Österreichs drei Medizin-Unis (im Bild das AKH Wien) bieten derzeit 2400 Studienplätze an. Kommen 1050 weitere dazu, wird es in ein paar Bereichen eng.
Wien - Wenn fünf Studierende versuchsweise einen Patienten abhorchen oder eine Patientin abklopfen oder sich sonst wie an ihm oder ihr zu schaffen machen oder einfach nur um das Bett herumstehen und zuschauen, dann geht das ja noch. "Aber wenn sie 25-mal abgehorcht werden, dann werden auch die Patienten aufbegehren", warnt der Betriebsratsvorsitzende der Medizin-Uni Innsbruck, Martin Tiefenthaler. Das nämlich könnte passieren, wenn - wie von SPÖ, Grünen und FPÖ noch vor der Wahl beschlossen - die Medizin-Studienplätze bis 2011 wirklich um 1050 auf 2400 aufgestockt werden sollten.
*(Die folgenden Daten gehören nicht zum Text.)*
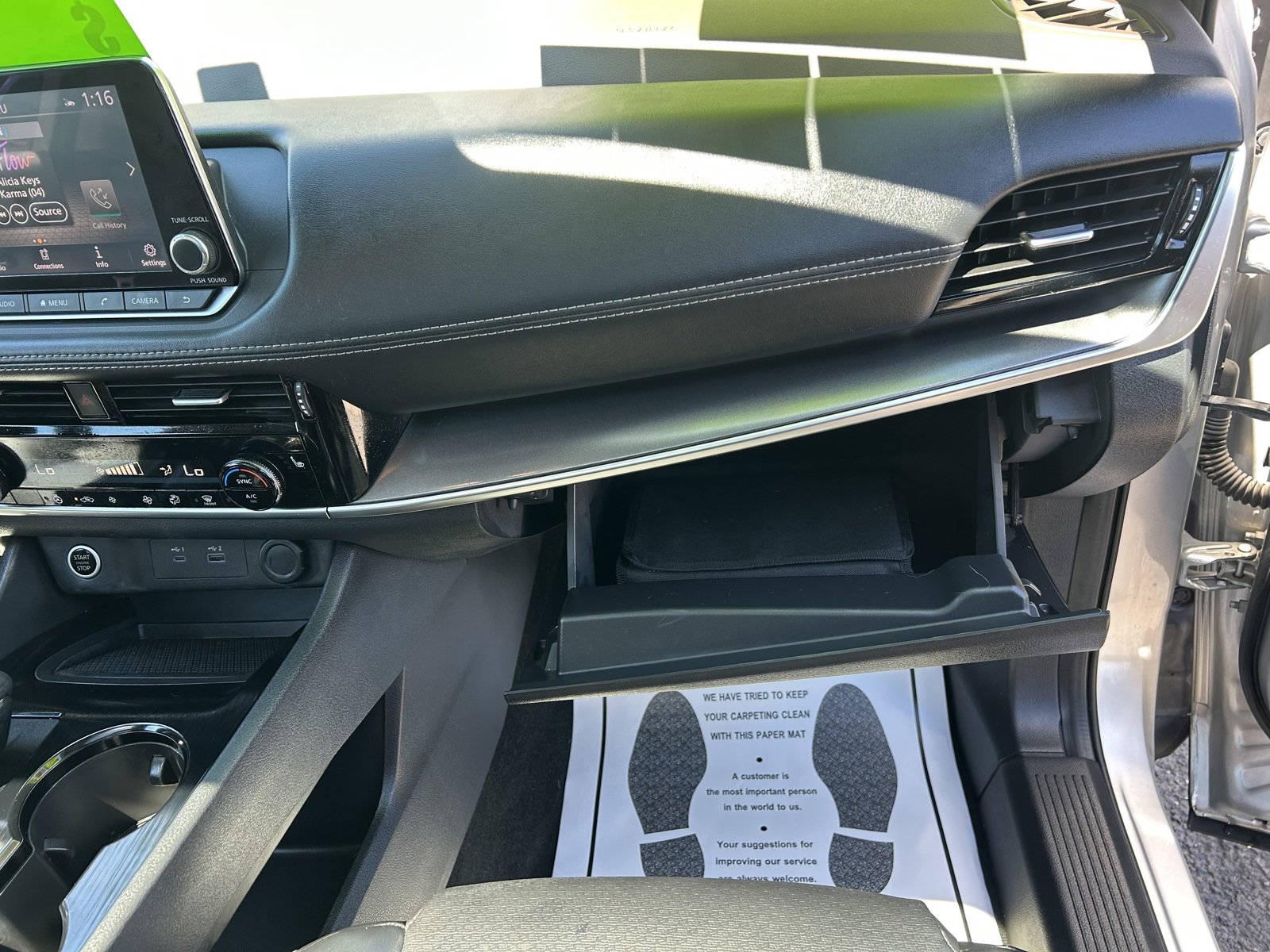 Used 2021 Nissan Rogue SV w/ Premium Package image 31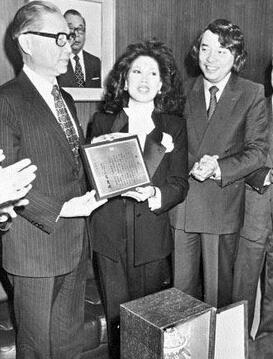 每次老婆有表演都会陪伴出席,给即时新闻 正文    欧阳菲菲比老公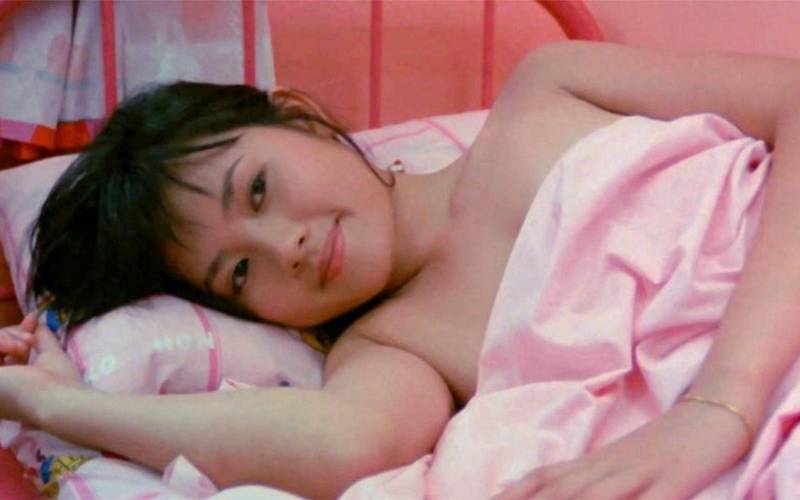 18岁女生的乳的相关介绍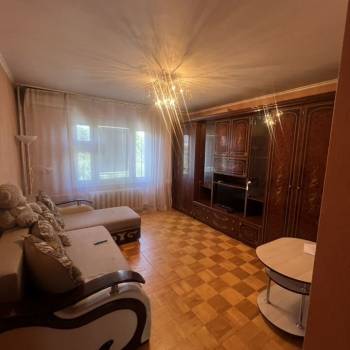 Продается Многокомнатная квартира, 77,7 м²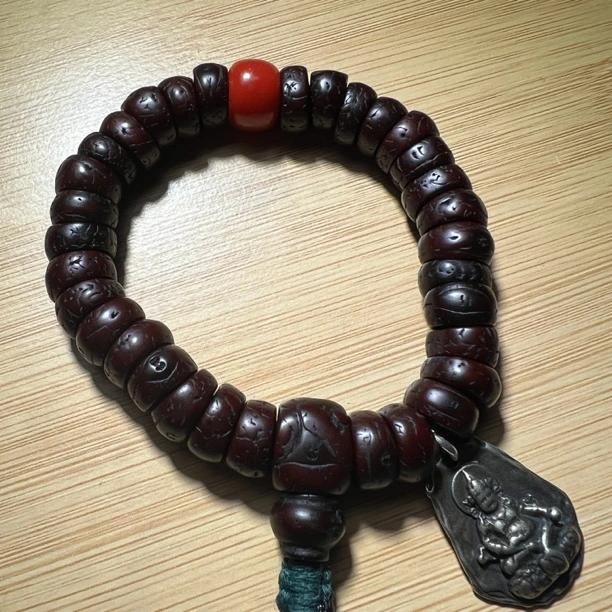 【藏传灯灯】推荐工艺品手串藏区手盘念珠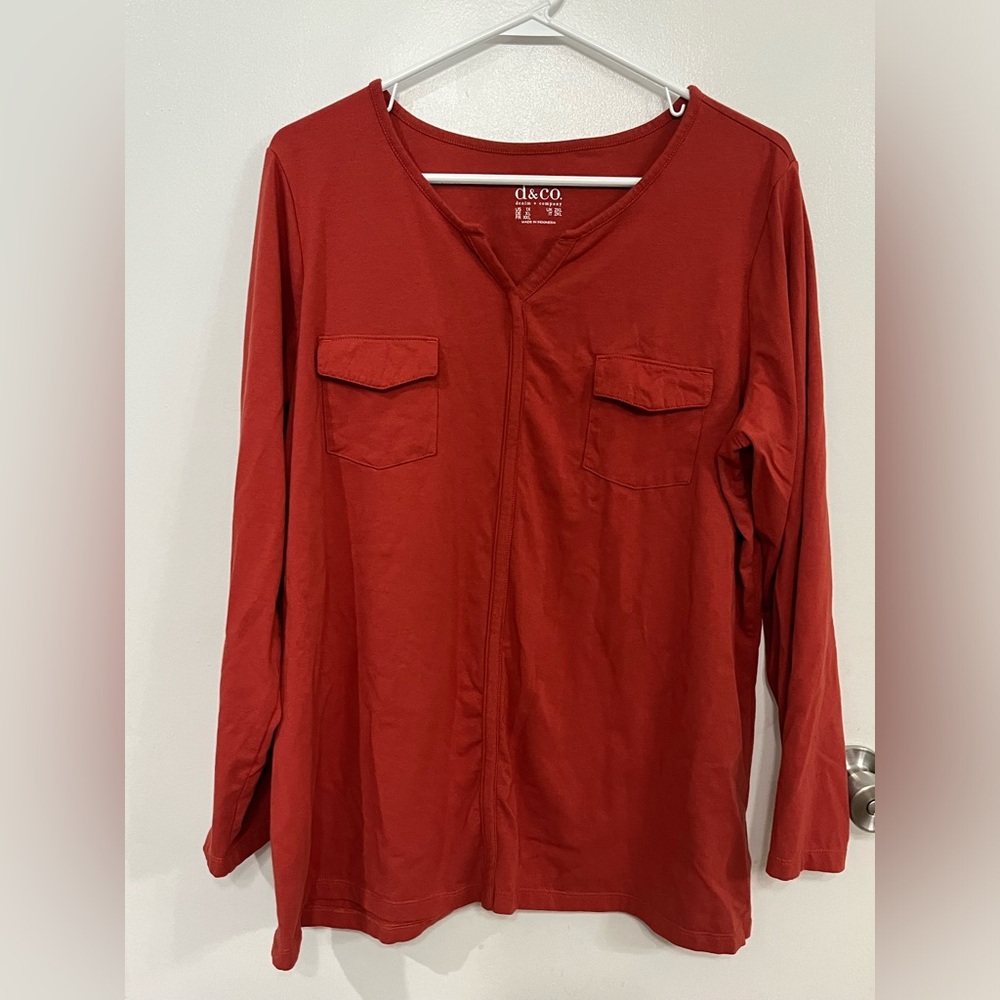 d & co. Orange Long-Sleeve V-Neck Pocket Tee, size 1X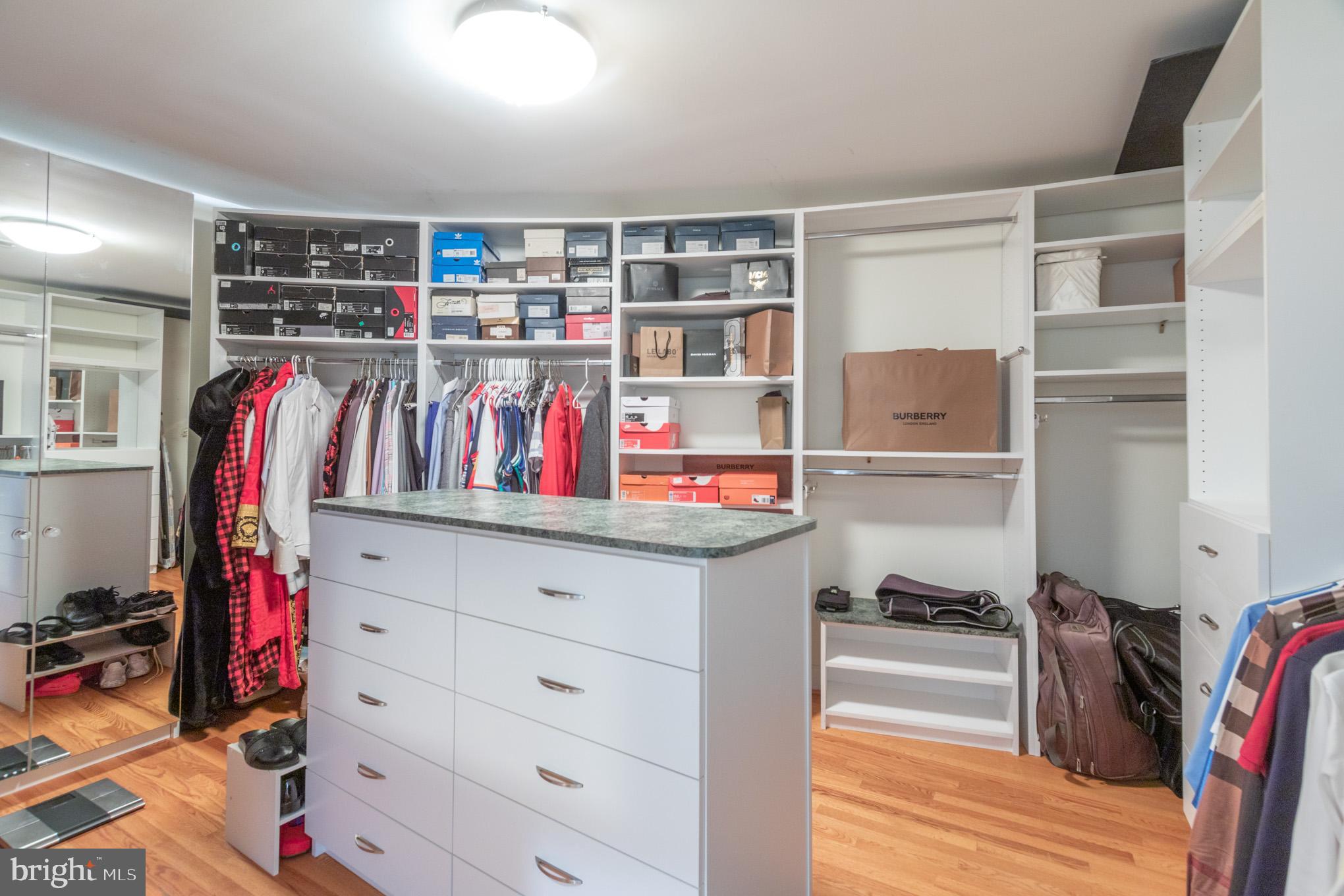 7612 Dwight Drive Bethesda, MD 20817 - Photo 19 of 35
Denn irgendwie müssen die angehenden Mediziner ja ihren Job lernen, auch am lebenden Objekt.
Mit den bestehenden Kapazitäten der drei Medizin-Universitäten in Wien, Graz und Innsbruck seien die zusätzlichen Studierenden aber nicht adäquat auszubilden, warnen Med-Uni-Vertreter. "Die Erhöhung der Plätze wird eine Verschlechterung der Ausbildung bringen, wenn nicht ausreichend finanziert wird", sagt Tiefenthaler.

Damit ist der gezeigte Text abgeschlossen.